Description
Somewhere between March 27th to March 29th 2021 it appears Microsoft / Office 365 has marked the mailspring domain as malicious, aka Link Tracking now causes emails to be marked malicious by any recipients using Office 365 with ATP/Safe Links (most organizations on O365), and looks very bad to the recipients + makes sending any links basically broken/blocked (including ones in signature) unless disable link tracking.
When sending any email with link tracking enabled in Mailspring, the links get rewritten to the mailspring link domain - when the recipient email server is on Office 365 with ATP, the URL is then rewritten to pass-through O365’s Safe Link domain.

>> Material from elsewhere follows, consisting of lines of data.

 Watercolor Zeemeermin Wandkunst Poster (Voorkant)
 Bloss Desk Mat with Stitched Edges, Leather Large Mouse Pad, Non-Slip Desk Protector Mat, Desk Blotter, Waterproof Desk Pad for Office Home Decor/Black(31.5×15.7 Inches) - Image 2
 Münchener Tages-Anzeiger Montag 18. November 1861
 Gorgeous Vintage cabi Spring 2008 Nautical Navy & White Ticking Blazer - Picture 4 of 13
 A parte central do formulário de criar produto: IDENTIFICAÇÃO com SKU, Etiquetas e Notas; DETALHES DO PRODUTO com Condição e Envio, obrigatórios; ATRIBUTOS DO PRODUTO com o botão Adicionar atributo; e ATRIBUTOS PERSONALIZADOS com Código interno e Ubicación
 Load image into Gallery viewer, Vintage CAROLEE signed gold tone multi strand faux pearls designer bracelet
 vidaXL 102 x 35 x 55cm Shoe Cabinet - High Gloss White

When the recipient clicks the link, they’re taken to a O365 page with a giant red warning saying:
This website has been classified as malicious.
Opening this website might not be safe.
https://link.getmailspring.com/link/xxxxxxxxxxxxxWe recommend that you don’t open this website, as opening it might not be safe and could harm your computer or result in malicious use of your personal data.
For Feedback on Microsoft Defender for Office 365
Usually won’t allow you to click through at all, but for our Office 365 ATP we’ve changed the settings to allow bypassing/continuing to the URL if they click through multiple warnings
To Reproduce…
Steps to reproduce the behavior:
- Send an email via Mailspring with link tracking enabled and include a link, to anyone on Office 365 with ATP/Safe Links
- (on recipient side, click the link and see the warning/block)
Expected Behavior
Be able to use premium features (like link tracking) without being blocked/flagged as malicious by Microsoft
Screenshots
Setup
(Not dependent on version/environment - applies to all as recipient server-based)
- OS and Version: Arch Linux x64 KDE
- Installation Method: Arch AUR
- Mailspring Version: 1.8.0-8983dca2
- Office 365 Email Provider (Recipient side) with Microsoft Defender/ATP Safe Links
Additional Context
The link sent was simply a link to our own domain with a video (nothing special), links we send constantly company-wide as basically like our internal dropbox. I send these almost every day and never had issues until Monday March 29.
Occurred with 2 different organizations using Office 365 (everyone I sent to on Monday reported the links being malicious, including internally/our own email system). Looks like a blanket block on the base mailspring link domain from what can tell since nomatter what link I send the same occurs.
The entire link domain being marked malicious by Microsoft is likely to have many other major+negative impacts as it’s likely to be merged into Edge/Windows + Microsoft Defender (if not already as O365 ATP is Microsoft Defender), not to mention emails getting blocked/flagged/rejected
Side note - had a hell of a time getting this posted lol, kept saying new users can only post 2 links even though I only had the one and modified the others, not sure what’s up but hopefully one of these will go through!